En effet, le statut de l’entreprenant a été institué par les dispositions des articles 30 et suivants de l’Acte uniforme  du 15 décembre 2010, de l’Organisation  pour l’Harmonisation en Afrique du Droit des Affaires (OHADA), portant sur le droit commercial général, en vue de favoriser la migration  des acteurs économiques du secteur informel vers l’économie formelle.

Selon Mme Légzim-Balouki Bernadette, ministre en charge du Commerce, la mise en œuvre  du statut de l’entreprenant vient renforcer les réformes entreprises par le gouvernement togolais en vue d’améliorer le climat des affaires :  mise en place d’un guichet unique de création d’entreprises à travers le  CFE (Centre de Formalités des Entreprises), la réduction du délai de création d’entreprise qui passe désormais à 24 heures, la réduction des coûts de création d’entreprise….

  1. Pius Kokouvi Agbétomey , ministre chargé de la Justice, pour sa part , salue les efforts du gouvernement  pour la promotion de  l’entreprenariat à travers le ministère  du Développement à la Base, le ministère du Commerce et  la DOSI ( Délégation à l’Organisation du Secteur Informel). Cependant , déplore t-il , la plupart des entreprenants exercent dans l’informel  ; cette situation, explique-t-il, constitue  pour l’Etat un manque à gagner et pour les entreprenants  eux-mêmes, un  handicap,  parce que ne pouvant pas bénéficier de crédits bancaires , et  confrontés par ailleurs  à la fiscalité et à la concurrence déloyale . Aussi, le ministre a-t-il insisté sur la nécessité de mise  en œuvre du statut de l’entreprenant  que l’OHADA  a laissé le soin à chaque Etat membre de formaliser en tenant compte de son environnement économique.
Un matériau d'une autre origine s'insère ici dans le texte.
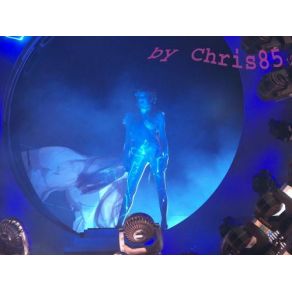 Download track Oui Mais... Non + Interlude Robots (10. 09. 2013, Bercy) Mylène Farmer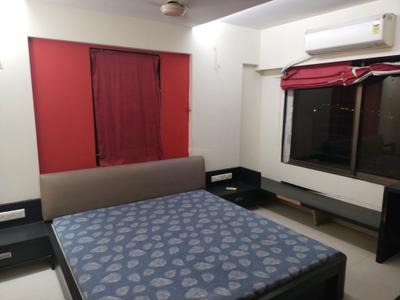 Bedroom Image of 800 Sq.ft 2 BHK Apartment / Flat for rent in Dosti Eastern Bay, Wadala Mumbai for Rs. 105000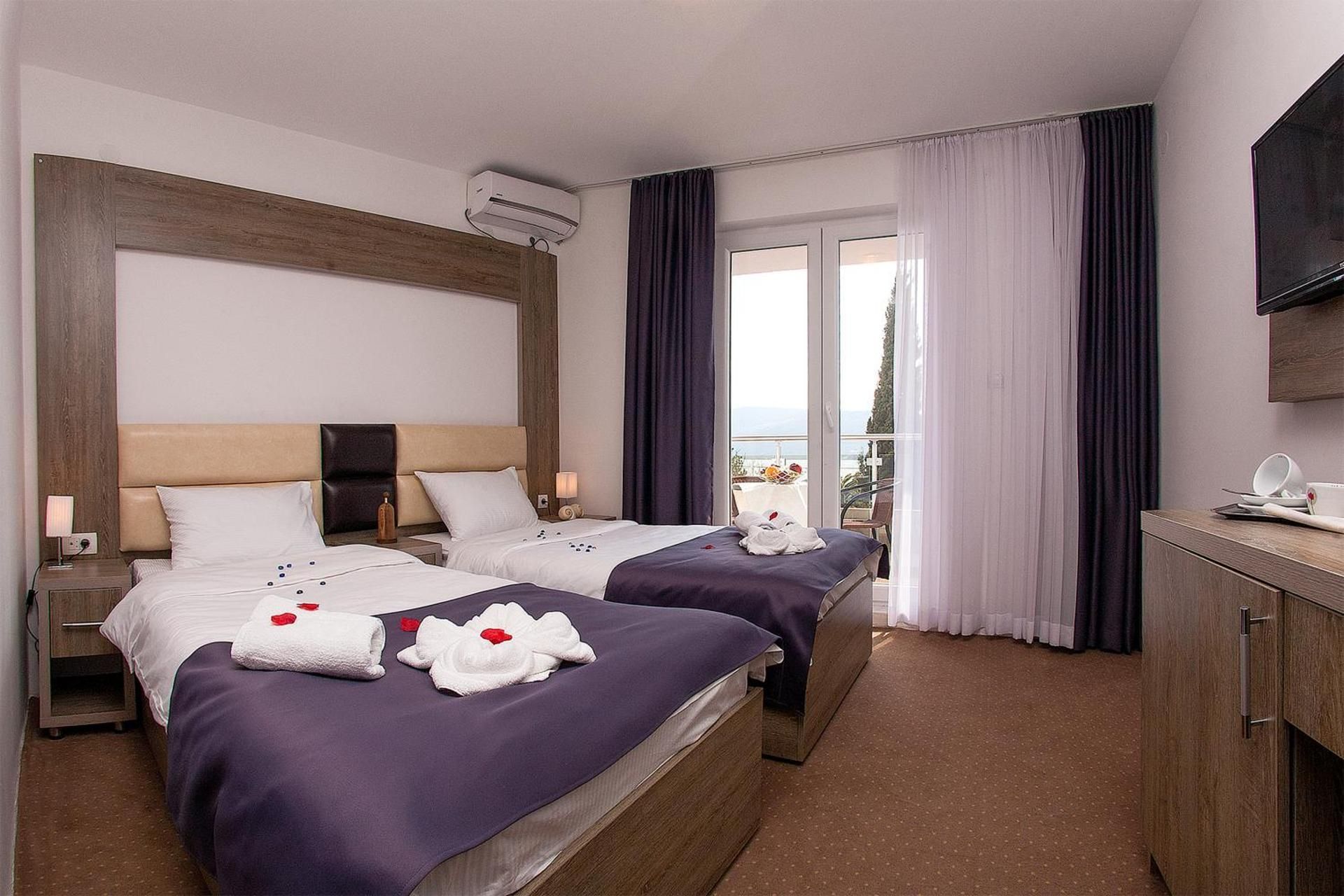 Double or Twin Room with Balcony and Sea View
Fondé sur l’idée de simplicité  et de gratuité  de la déclaration  d’activité des acteurs économiques visés, le statut de l’entreprenant  est ouvert  à toute personne physique qui exerce une activité civile, commerciale, artisanale ou agricole, lorsque le chiffre d’affaires réalisé n’excède pas , sur deux années consécutives, les seuils d’éligibilité fixés.

L a formalisation ainsi encouragée vise à renforcer la sécurité juridique des acteurs économiques et leur ouvrir l’accès aux services bancaires , financiers et sociaux, afin de permettre aux entreprises ainsi formalisées de se développer, de créer plus d’emplois et de contribuer de façon substantielle à la création de la richesse et à la réduction de la pauvreté.